Here’s a little gem I found on Yahoo News:
Describing the $787 billion stimulus package, President Obama evokes the 1950s construction of the interstate system, conjuring images of highways, bridges, and orange cones…
But as projects are chosen, it’s becoming clear that the program may amount to little more than an infrastructure face-lift. Owing to the need for speed and to institutional obstacles, most stimulus transportation projects are small and localized. “Here and there, people will notice things,” says Robert Poole, director of transportation policy at the libertarian Reason Foundation. He cites repaired potholes and new streetlights. “But I don’t think the country as a whole will say, ‘Wow, transportation is so much better,’ ” Poole says…
An even bigger problem, experts say, is how that funding is doled out. Decisions are often politicized and are rarely coordinated between levels of government. Transportation dollars are traditionally spread thinly, “like peanut butter,” says Robert Puentes, senior fellow in the Brookings Institution’s metropolitan policy program. “We don’t do cost-benefit analysis in this country.”
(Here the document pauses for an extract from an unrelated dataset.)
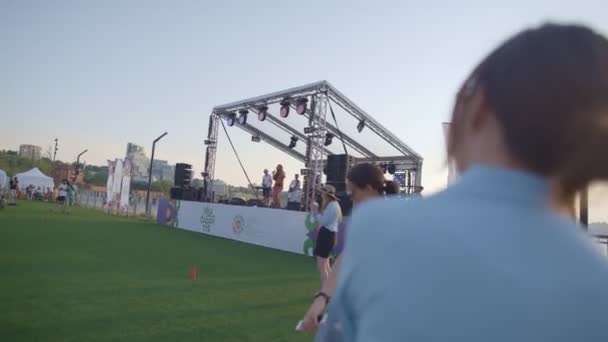 Kazan Tatarstan Russia June 2021 Young People Stand Lawn Stage — Stock Video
America may not have a clear vision for its transportation system, but infrastructure advocates, not to mention Americans who have ever sat in stalled traffic or bumped over a pothole, hope that will change.
If I didn’t know any better, I’d say that last sentence was a brilliant piece of literary sarcasm. Unfortunately, that bit of humor was probably lost on the author.
via Obama’s Stimulus Projects Won’t Amount to Major Infrastructure Overhaul – Yahoo! News.